The Terminator (1984)
“Just look at it this way, in a 100 years who is going to care?”
* * * *
The Terminator has been written about so many times that I don’t really know what I can add to the petabytes of collected global discourse (including a previous review on this site).
So I bring you my critical addition (coughcop-outcough) to pop culture, the Ten Things I Love About The Terminator. By me.
1. The glorious perms. Towering. Frothing over. Billowing like cumulus clouds from heaven. The sheer enormity of Bess Motta’s hair as Sarah Connor’s headphone wearing-roomate Ginger is a one of the great wonders of the film world. “Better than mortal man deserves.” Indeed.
2. Just how crappy a waitressing job Linda Hamilton has as long-suffering Sarah Connor. I was a waitress for four hours once, and I thought that was bad. Customers yelling, she spills a drink on someone, while a brat fills her apron pocket with ice cream. Purest work hell. I’d be almost grateful for an apocalypse after a diner job in a frilly pink uniform.
3. Bill Paxton (Near Dark) as a punk with a black tire track mark over one eye and stiff blue “liberty spikes” all over his head. Paxton only manages a few expletives and a very, very aborted attempt to stab the naked, time-travelling Arnold Schwarzenegger (End of Days), then he’s gone again. His screen time is little but he’s great.
4. The look on the “Wrong Sarah Connor’s” face (that’s how she’s billed in the credits) played by the great Marianne Muellerleile (Thank You For Smoking). She plays a house wife who is in the wrong place, wrong time with the wrong name. She’s got a look on her face that combines mild annoyance “damn door-to-door salesman” then a soupçon of terror, then just a little shocked outrage right there at the end. Then Arnie shoots her in her expressive face. Then a bunch more times.
5. The way the great Michael Biehn says “Year …the year!” I think Hacker Renders and I say it like that, exactly like that, at least once every fortnight. I realize I love Michael Biehn (Insatiable) quite a lot, I have a lot of respect for him as an actor. He’s great. Also he says “year” more entertainingly than anyone, ever.
6. Lance Henriksen (Aliens) as Detective Vukovich turns in another terrific performance, but the best part is his horrifying ‘cop who has seen it all’ stories. Particularly about one about the guy who has um, amorous relations with his dog sets it er, alight. I thought about including the whole lively anecdote. I can’t. (I wonder if they were ad libbed…)

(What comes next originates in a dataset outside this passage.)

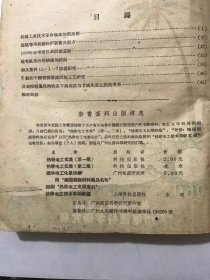 1960年4月30日 第4期总第21期《热带电工》/湿热带用绝缘和护套橡皮配方/1959年热带型仪表试制总结/硅有机改性醇酸漆的试制/粉压塑料11-1-T防霉研究/E级快干沥青浸渍漆试制工艺研究/自动控制通风的状态下温湿度与甘油比重之间的关系……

7. The look on Paul Winfield’s face as Lt. Traxler when Arnie the Terminator storms the police station. This is moments after he tells Sarah she’s safe, “there’s 30 cops out there.” Winfield manages a look that is both terrified and sheepish.
8. Linda Hamilton’s transformation from fluffy-haired waitress (and I do mean fluffy-haired as it is also magnificently huge) to stone-cold warrior. Deeply enjoyable. As I said in my Terminator 2 review, if I were a religious sort, I would pray to the patron saint of Sarah Connor in any disaster situation.
9. Arnold can be quite scary when he wants to be but he’s scary beyond all reason without eyebrows. Scary. Beyond. All. Reason.
10. I am a sucker for a hide and seek, chase-based horror film. This film is that wrapped up in a satisfying science fiction time travelling story. Although as Hacker Renders knows, I am normally opposed to naked time travelling in all its forms. Damned opposed.
Ta dah, I am done. So that’s my contribution to the popular discourse on The Terminator.
Perms, Biehn and story time with Lance Henriksen.